2010年8月26日 星期四

Developed economies could get trapped in a limbo land of zero inflation

August 19, 2010 7:35am |

The battle to avoid deflation in the developed world could prove to be a long one, with twists and turns which could last for many years. In July, the core CPI data in the eurozone were somewhat firmer than expected, as were the core PPI data in the US. This has led some economists to suggest that underlying price pressures are beginning to rise again, and that the deflation scare is over. Would that that were true.
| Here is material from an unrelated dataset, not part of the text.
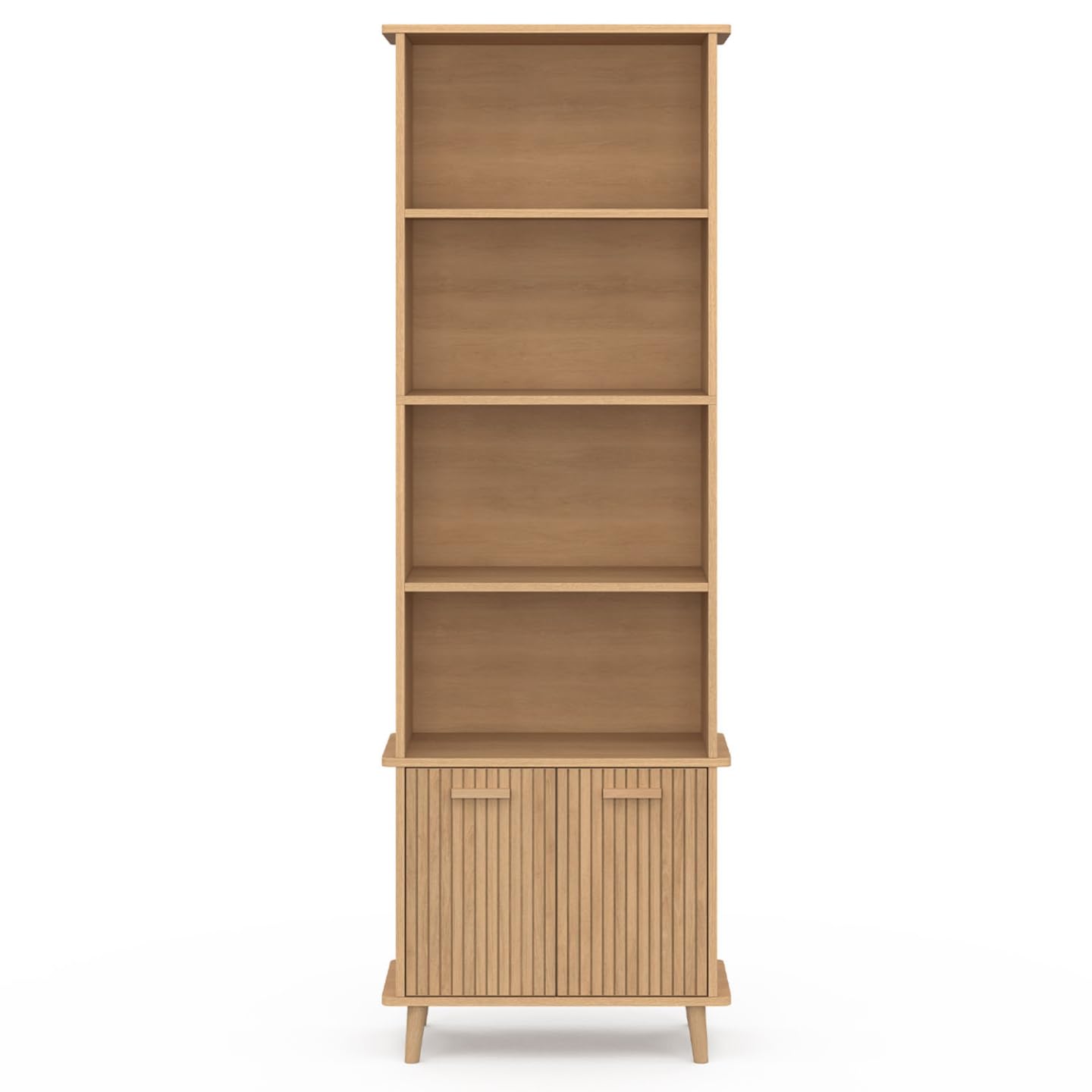 IDMarket - Etagère bibliothèque 4 Niveaux Juliette Effet Lattes tasseau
Some interesting new evidence from the IMF suggests that while outright deflation might be avoided, at least for a time, the developed economies could soon get stuck in a kind of limbo land, with inflation remaining unhealthily close to zero for a very long period.

The standard theory of the inflation mechanism, used by all the major central banks, assumes that the rate of inflation is driven by the size of the output gap in the economy (i.e. the extent of spare capacity) and by expected inflation. (In some formulations, the change in inflation appears on the left hand side of the equation - see this useful and accessible summary by John Duffy at the University of Pittsburgh.) When the output gap rises, we would therefore expect the inflation rate to decline. At present, most estimates of the output gap in the developed economies are historically very high at around 4 per cent, so it would appear to be fairly certain that core inflation will continue falling from the 1 per cent now reached in the US and Europe. Deflation, here we come?

It is important to ask how this apparently strong conclusion could be proved wrong. Maybe we have over-estimated the output gap, but surely not by as much as 4 per cent. Maybe expectations of inflation have risen in response to the printing of money by central banks, but none of the direct sources of expectations data confirms this. Maybe high commodity prices have been over-riding the effects of the large output gap, but oil prices have been stable or falling recently.

That leaves the heart of the matter, the relationship between inflation and the output gap itself. The key question is whether this is sufficiently reliable to support the strong conclusion that deflation is now a severe threat. The econometric evidence on this is voluminous, but my 10 cent summary would be as follows. Yes, the predicted relationship does emerge from the data, but it has been much weaker in the past decade than it used to be. And at very low rates of inflation, it may break down altogether.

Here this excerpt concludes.